What the exercise asks:
Please give the lines below again exactly as they stand, from the one that contains "Here we can" up to and including the one that contains "Once you select", leaving all pictures out.

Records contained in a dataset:
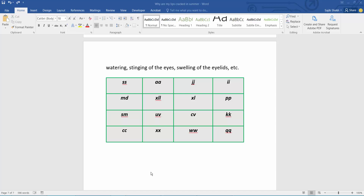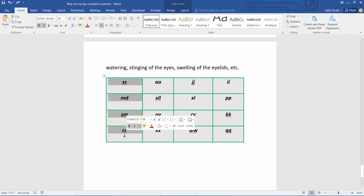Hello everyone, today I will show you how to split a column in Microsoft Word. This is my table; I will split this column — select this column.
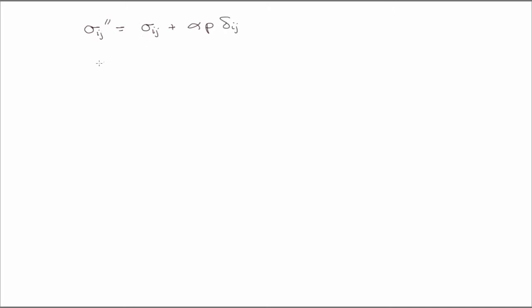So the stress in those equations, actually what we'll use for the stress in those equations is this guy, and that's because typically what we have for the constitutive model is in terms of the effective stress. I mean that's what we measure in the lab.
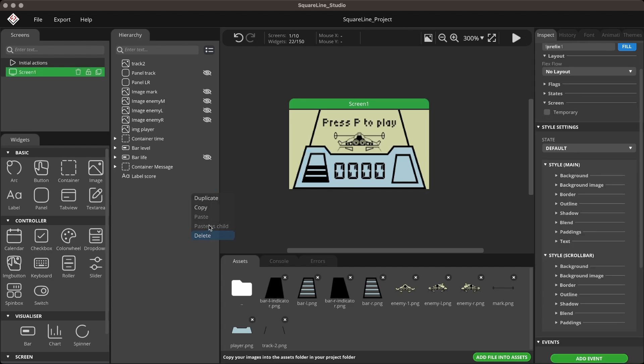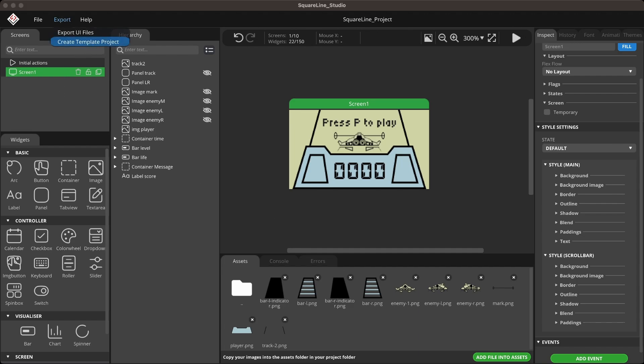If everything looks good, export the UI. You can check my OBP video to see how to create a template and set up the code easily. Check the link in the card.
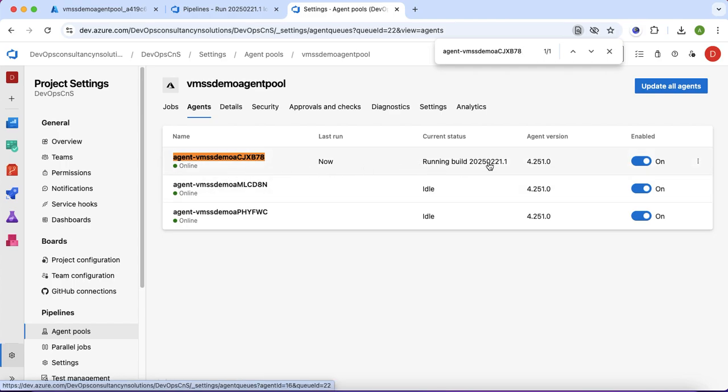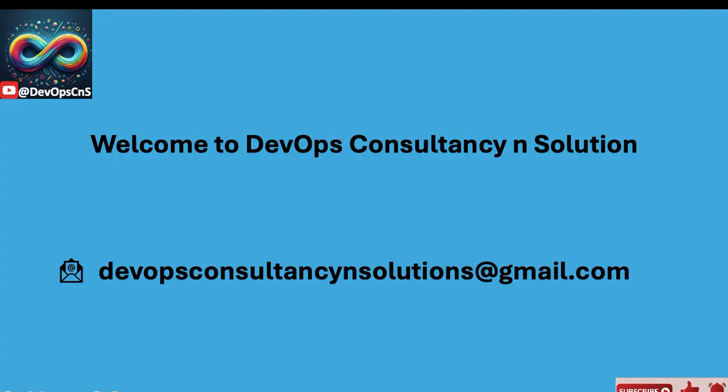In this way we have learned how to create the virtual machine scale set in Azure portal and configure a virtual machine scale set agent in Azure DevOps. Hope you have learned and understood it properly. Feel free to ask any questions in the comment section, or you can email me at devopsconsultancyandsolution@gmail.com. Please don't forget to like, share, and subscribe. Happy learning and keep learning.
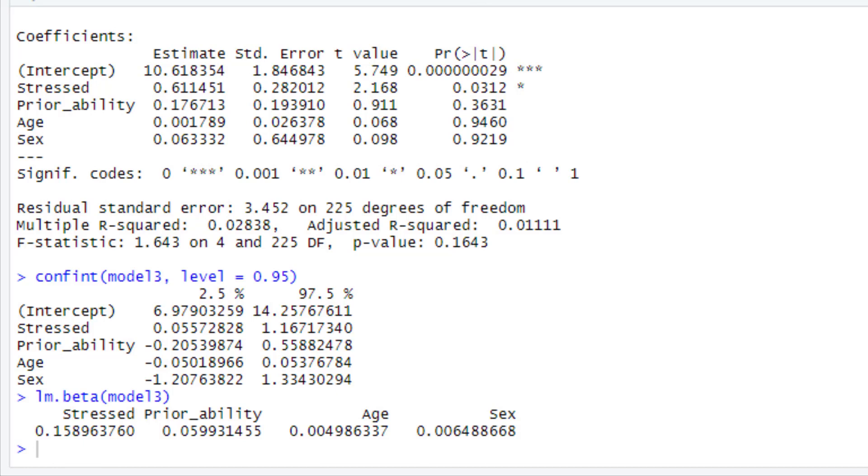So, as I say, this script as it looks here will be, is available to you below this video along with the data set that I've used, so you can run through practices of it. Look out for the subsequent videos which are going to be hierarchical regressions and also how to test the assumptions of regression analysis.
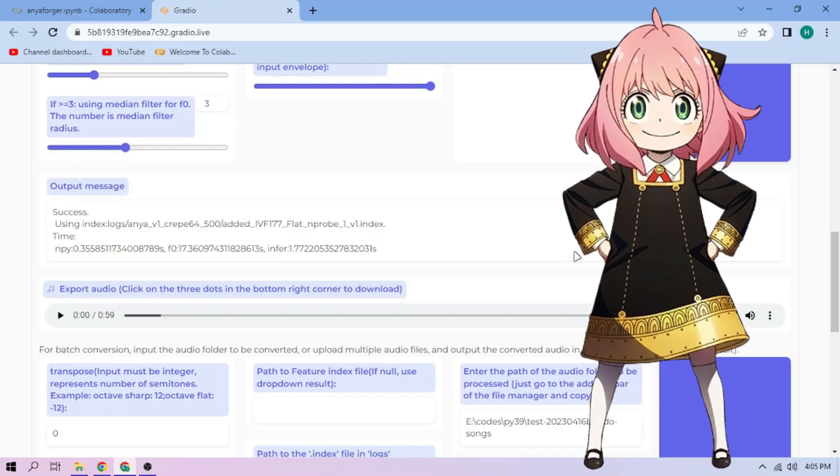Here we can play our cover audio. To download the audio, click the three dot mark and download.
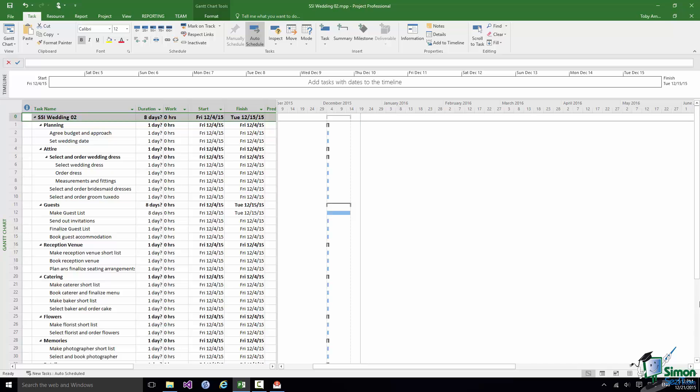Hello again and welcome back to our course on Project 2016. In this section we're going to look at dependencies and as we're doing that we're going to add quite a bit more detail to the plan for the wedding.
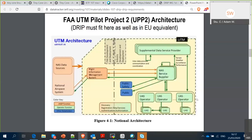This is the UTM Pilot Project 2 architecture — a US-centric view, with corresponding developments in Europe and elsewhere. On the right-hand side toward the center is the UAS service supplier, the USS, and you can see the central role it plays. There will be multiple USSes interacting in a so-called inter-USS network, each supporting multiple UAS operators, and each operator will typically be running multiple UAS, so we face significant scalability issues.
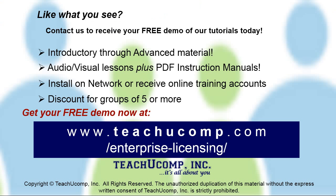Like what you see? Get a free demo of our training for groups of five or more at www.teachucomp.com/enterprise-licensing.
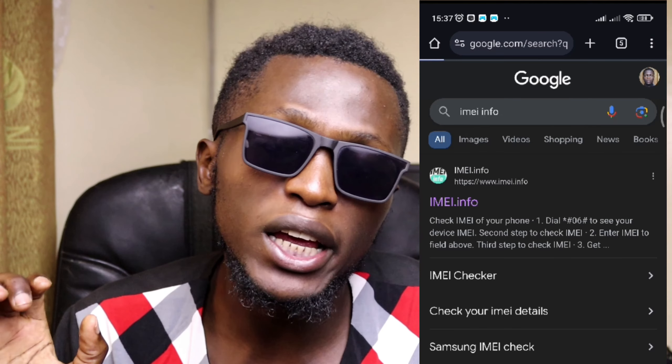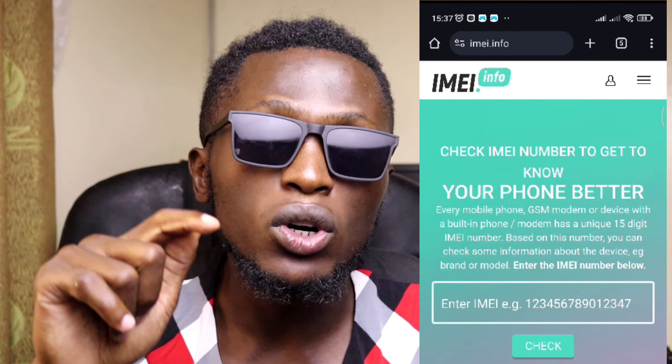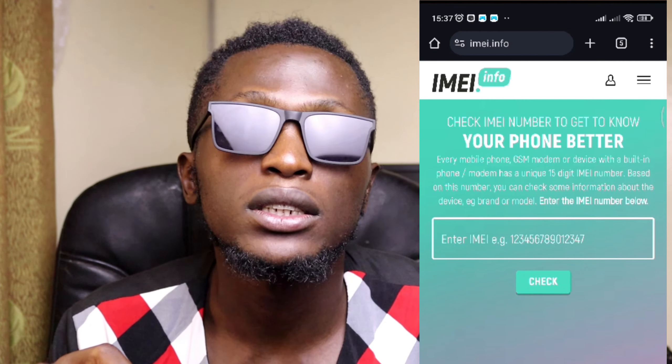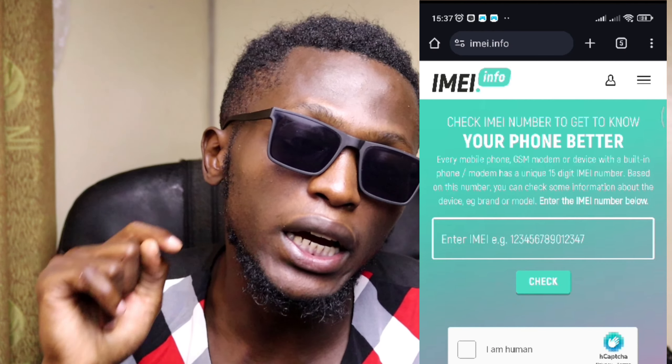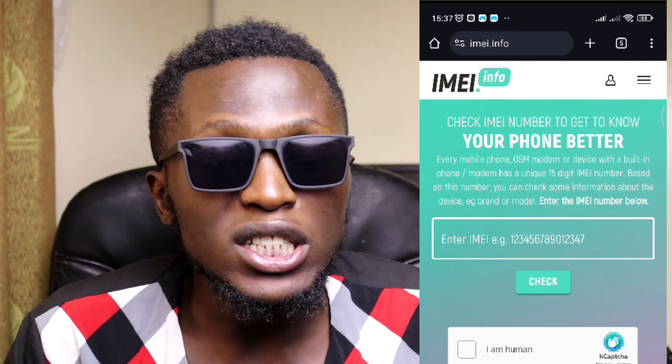Once you select IMEI info, there's a page you'll see displayed there. What you need to do is input those 15 digits on that page, then press the option 'Check.' Once you have verified you're a human, it will give you the device information. Confirm if the information portrayed aligns with the information that your phone displays. If the information you find there does not align with the information of your phone, then that is a fake phone. Or if it gives you that the IMEI number is invalid, that is probably a fake phone.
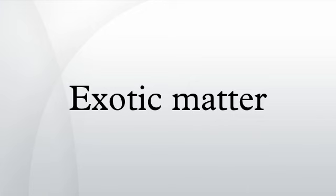Exotic mass has been considered a colloquial term for matters such as dark matter, negative mass, or imaginary mass.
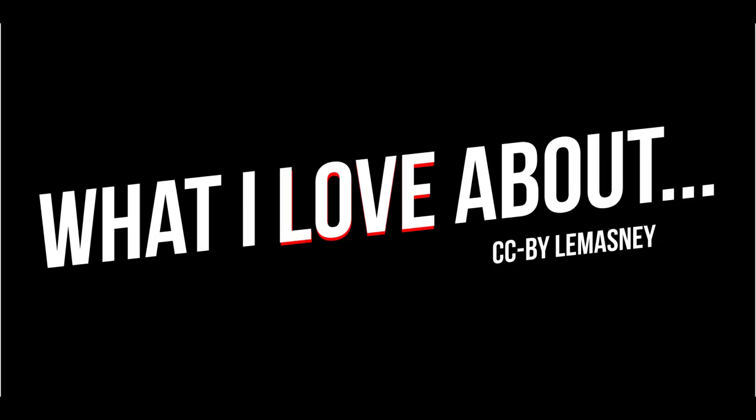Hey everybody, it's John from Lomasney Consulting, and this week we're going to talk about what I love about Google Calendar.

Solution to this exercise:
Here we can play our cover audio. To download the audio, click the three dot mark and download.
Hello again and welcome back to our course on Project 2016. In this section we're going to look at dependencies and as we're doing that we're going to add quite a bit more detail to the plan for the wedding.
This is the UTM Pilot Project 2 architecture — a US-centric view, with corresponding developments in Europe and elsewhere. On the right-hand side toward the center is the UAS service supplier, the USS, and you can see the central role it plays. There will be multiple USSes interacting in a so-called inter-USS network, each supporting multiple UAS operators, and each operator will typically be running multiple UAS, so we face significant scalability issues.
Like what you see? Get a free demo of our training for groups of five or more at www.teachucomp.com/enterprise-licensing.
Once you select IMEI info, there's a page you'll see displayed there. What you need to do is input those 15 digits on that page, then press the option 'Check.' Once you have verified you're a human, it will give you the device information. Confirm if the information portrayed aligns with the information that your phone displays. If the information you find there does not align with the information of your phone, then that is a fake phone. Or if it gives you that the IMEI number is invalid, that is probably a fake phone.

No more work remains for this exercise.